Thursday, July 21, 2005

Gender Identity in Spanish

What makes a table feminine and a tree masculine?

The many forms of the word "the" in Spanish – el, la, los, las – present a challenge for kids (and adults) learning Spanish, and not just because you have to memorize which gender each noun is and then make sure you match up the gender and number every time you refer to that noun. The very concept of inanimate objects having a gender is practically impossible for those of us who are non-native speakers to really understand.

I've always loved the discussions kids have on this subject when they first learn about it, and try to figure it out in their minds – before they can learn to just accept it. They come up with all sorts of reasons for the gender of a window, a clock, a shirt. Eventually, though, they will have to internalize it, so that it becomes natural to them.

If there is a sense behind the gender of inanimate objects, I don't know what it is. Having taken my four years of Latin, I vividly remember having to learn three genders – masculine, feminine, and neutral – but not every inanimate object was neutral.

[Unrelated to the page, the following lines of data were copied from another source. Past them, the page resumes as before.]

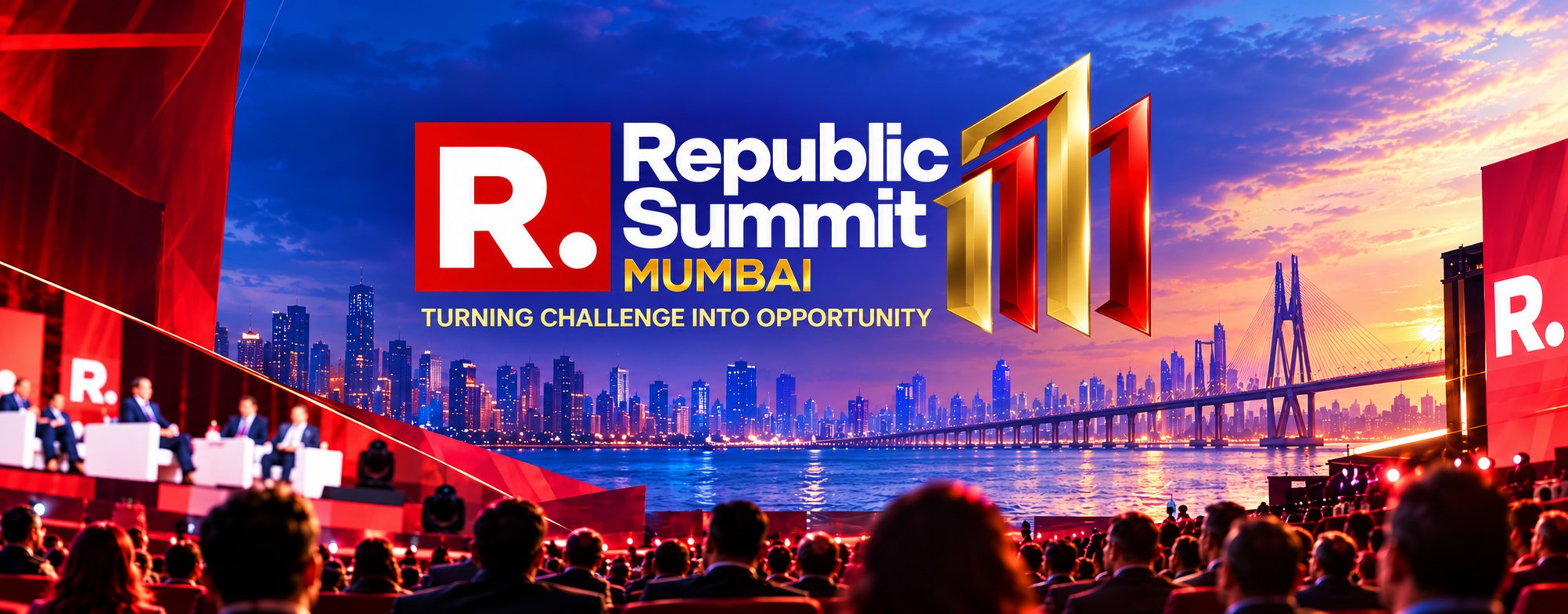 Republic Summit Mumbai stage with the Great Power India screen and audience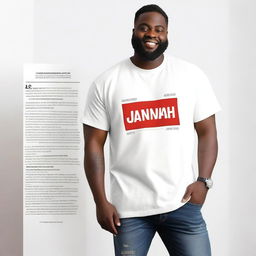 A men's oversized t-shirt with the text 'Strive for Jannah' prominently displayed in large size on the front side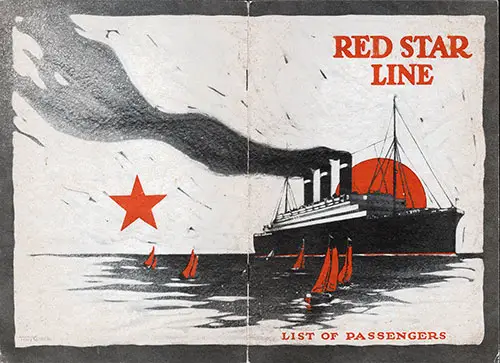 Front Cover, SS Belgenland Passenger List - 26 June 1926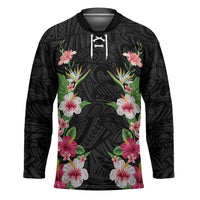 Hawaii Tropical Flowers Hockey Jersey Black Polynesian Tattoo Art LT05 Unisex Black - Polynesian Pride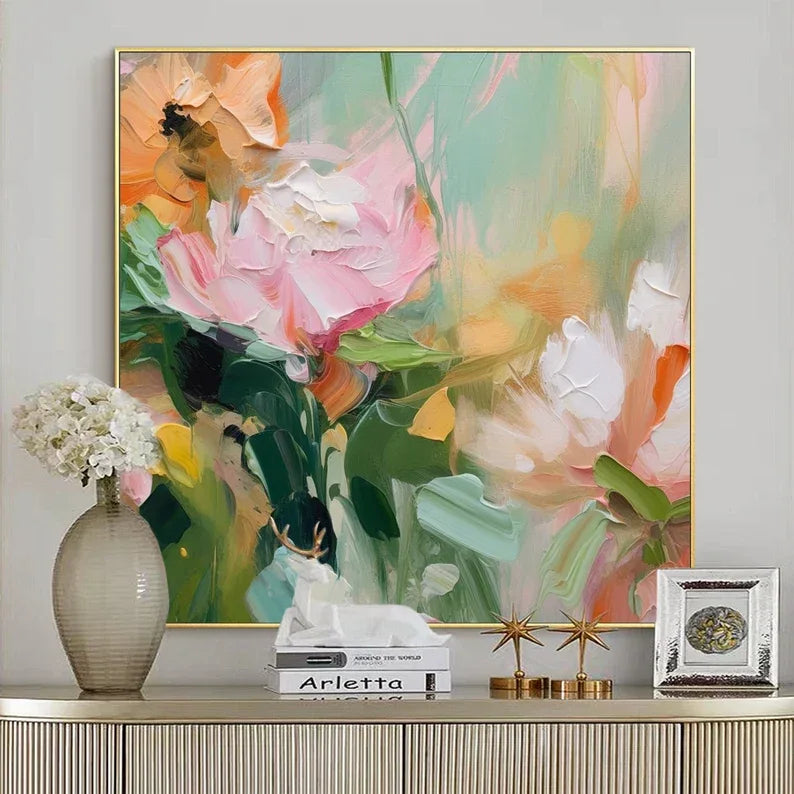 Floral Harmony-Abstract Texture Floral Wall Art for Modern Interior Decoration - artextured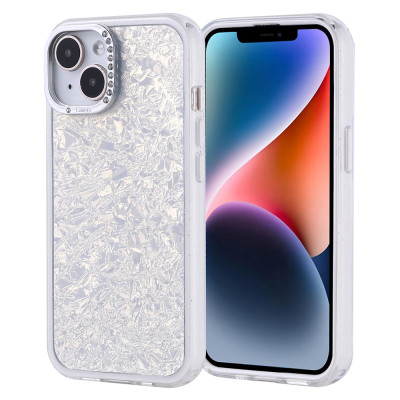 Apple iPhone 13 Kılıf Taşlı Tasarımlı Zore Kapi Kapak Gümüş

So the gender identity of nouns reaches far back into the very origins of language, with reasons probably too old for any of us to understand now, even if there originally was one.

And even that designated gender identity is not always consistent. Sometimes you can use the same word with el or la, and it will change the meaning, as in the case of el radio, the actual radio itself, and la radio, the programming that you listen to on el radio. Then there are the mixed-up el and la, as in el día and la mano. And then, of course, the variations of Spanish that cause one object to be feminine in one country and masculine in another. "Computer," for example, is feminine in Latin America – la computadora – and masculine in Spain – el ordenador. (there are a ton of chistes on this subject, actually – "Why is a computer feminine" vs. "Why is a computer masculine" – but I doubt that was the original reasoning behind how the words came into use.)

Yesterday, I came across a great passage in a book I'm reading, The Hummingbird's Daughter, by Luis Alberto Urrea, which added a whole new nuance to the subject of gender identity:


"Whereas the North Americans," Aguirre announced, "have no gender in their language."

Aghast, Tomás let out a small puff of air.

"No 'el'?" he said. "No 'la'?"

Aguirre, quite satisfied with his latest astonishment, said: "No. They have the following word: the."

"As in tea?"

"Not té! The!"

"No male, no female?"


"C'est bizarre, mon ami!"

"Los gringos," Aguirre lamented, "are hermaphrodites."

Which begs the question – I wonder if some words in Spanish can be gay?